There has been the usual run of depressing stories of late about the ideological tilt (if "tilt" is a strong enough word for it) of American academe. Just this past week, we had stories on the viciously anti-Semitic department chairman at Columbia who thinks CNN should be tried for "war crimes," and the New York Times discovering, for the umpteenth time, that there are almost no Republicans or conservatives on campus. And so it goes.
But there are some very good things going on, and those deserve some sympathetic attention on Thanksgiving eve. The National Endowment for the Humanities under the impressive leadership of the distinguished art historian Bruce Cole has established a program, called "We the People," that has sought to return the serious study of American history and American political institutions to the forefront of scholarly interest. The National Endowment for the Arts, under the equally inspired leadership of poet Dana Gioia, has overcome its controversial "transgressive" past, and reoriented itself around a splendid and unabashedly patriotic motto: "A great nation deserves great art." Amen to that! Not that anyone's noticed, but the cretinous George W. Bush has somehow managed to appoint the best NEH and NEA chairmen in those agencies' history. They are slowly but surely becoming important agents for the renewal of American culture.

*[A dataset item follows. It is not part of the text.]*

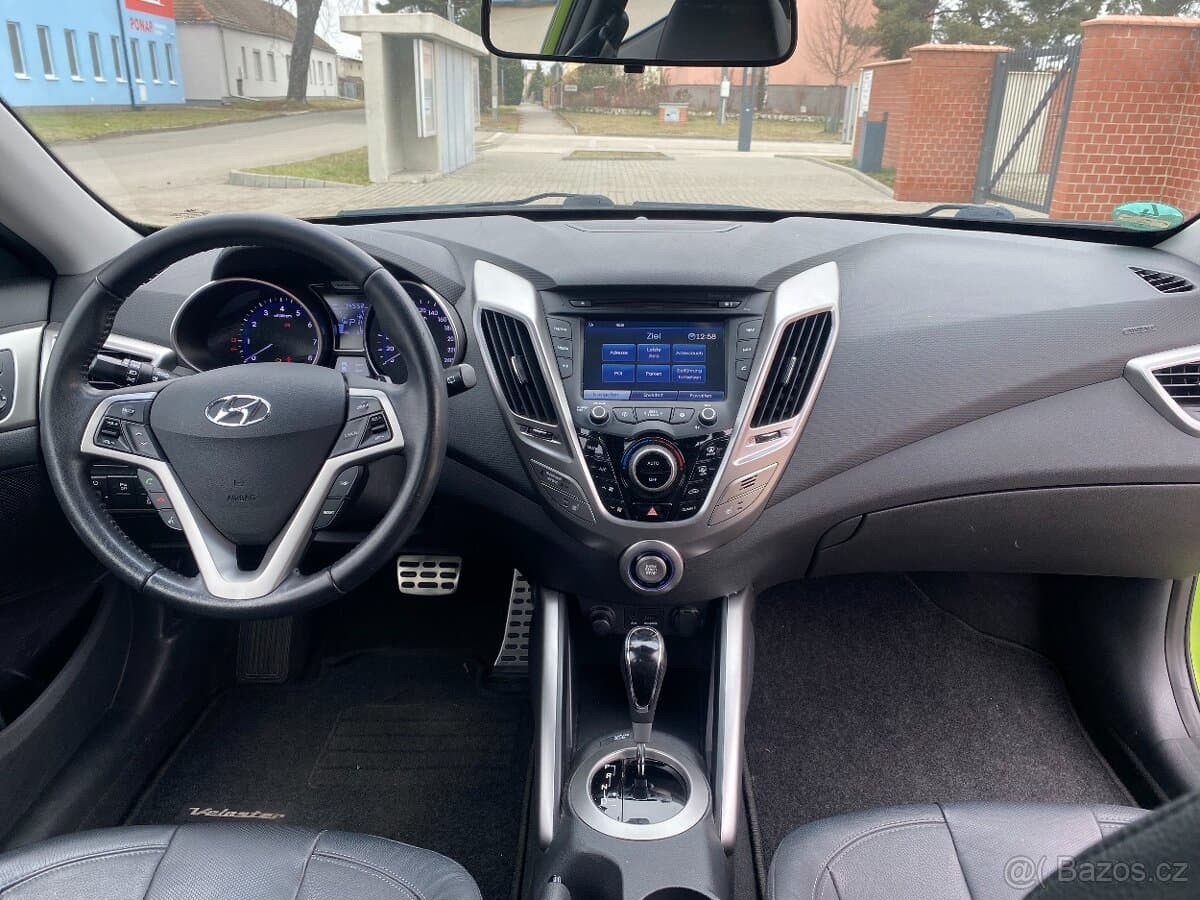 Hyundai VELOSTER - 19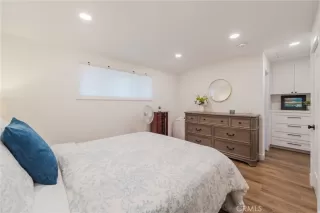 Photo #6: OC26110430 Listing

And another agent for change, just emerging on the horizon, but whose strength is growing daily, is a movement to create centers for the study of free institutions on campuses around the country. Patterned in part on Robert George's wildly successful James Madison Program in American Ideals and Institutions at Princeton University, the movement now has a clearing house, the Association for the Study of Free Institutions and Free Societies, also located in Princeton. Readers of the Democracy Project website will be especially interest in browsing the ASFIFS website, and acquainting themselves with the programs that have already been established at campuses of all shapes and sizes, all over the country. (Aficionados of the web will notice that, for example, the Ashbrook Center at Ashland University, which is well-known as an almost constant stream of excellent web-based content and commentary, is a part of this movement.) We have barely begun to see the effects of such centers, but their potential is enormous. It almost seems too much to hope that the culture of American academia could be reformed and revitalized. But stranger things have happened. Contemplate that possibility as you give thanks tomorrow.